T'Pau died in a novel. She came back in a different novel.

Jadzia Dax died in DS9. Dax came back in Ezri.

Janeway died in a novel. She came back in a different novel.

Trip died in ENT. He came back in a novel series.

To name only five. "No way back...?"
I have to give you some points here. Maybe five points! :techman:

Even if I do have doubts about how Jadzia was brought back. I really liked Ezri but as I see it, it would have been better if Jadzia hadn't been killed off. They could have made up something with Jadzia getting a post on the Enterprise and that Ezri was her sister.

But let's just hope that you are right when it comes to Garak.
That could change my opinion about the whole thing.
 
it was just a wink to the audience lampshading the discrepancy between the other two.

Yes, loved it! It was such a fun McCoyism.

Similarly, a few authors chose to ignore the resurrection of Kirk in the Shatnerverse books — and went out of their way to mention Kirk having died and staying dead.

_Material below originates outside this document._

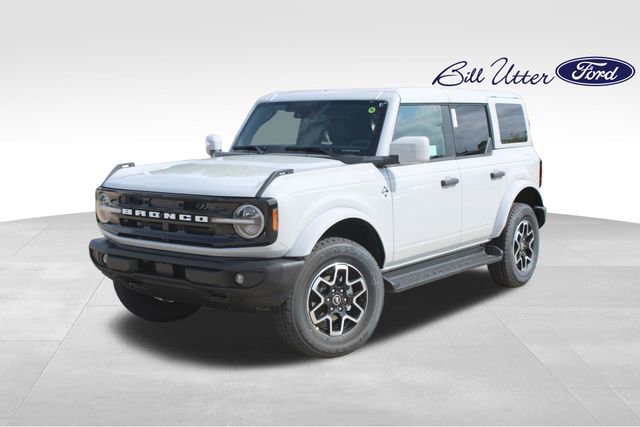 New 2026 Ford Bronco Outer Banks AWD/4WD image 1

There was also Ogawa’s husband, who was dead in some novels and supposedly alive in others. Their child was two different genders too.
 
Similarly, a few authors chose to ignore the resurrection of Kirk in the Shatnerverse books — and went out of their way to mention Kirk having died and staying dead.

That's not ignoring, it's just telling stories in a different continuity. Though the Shatnerverse occasionally borrowed elements from the main novelverse (while contradicting others), they were independent realities.


There was also Ogawa’s husband, who was dead in some novels and supposedly alive in others. Their child was two different genders too.

That one was simply a continuity error.
 
Christopher is writing original science fiction stories an ebook novella he has a collection of stories he mentioned on his face book page you can buy. I saw it listed on his page when I looked the other day to see if he was going to be writing a new Star Trek book.
 
I looked but I'm sorry no Star Trek Enterprise book news just reviews for Alien Nation rewatch.
 
It's the way tie-ins to ongoing series naturally work. The only reason the novels had so much freedom over the past two decades is because the series they tied into were over. You can't expect anything remotely like that for an ongoing series.
Art is very often defined by its constraints. Consider Roadrunner/Coyote cartoons: the Roadrunner never leaves the road, and the most aggressive action he is allowed to take is to stick his tongue out at the Coyote. There is no spoken dialogue. The Coyote is always hoist by his own petard. And those constraints have made for some of the most marvelous (and riotously funny) animated cartoon shorts ever produced.

Likewise, my Christmas(/Chanukah/Season's Greetings/whatever) cards are always laser prints of Spring vacation photographs in which there is visible snow, trimmed to 5x7 full-bleed. And the chapters in my work-in-progress novel always have titles, the titles always alliterate, they always include a musical term (the protagonist is, after all, a musician), and the musical term is never repeated.
 
I know there was some discussion about the comics being impacted by the purchase of the company or some such, but noticing that the March comics aren't popping up on Amazon yet and usually we get them listed two months in advance, similarly to the Marvel titles.

And we've had little to no "press" since the original announcement of Sons of Star Trek.
 
And we've had little to no "press" since the original announcement of Sons of Star Trek.

The editors have been active on Facebook comic book groups. Mark Martinez's site has been updated with "March 2024 solicits from IDW."

The "Lower Decks: Warp Your Own Way" interactive graphic novel is set for the USA fall.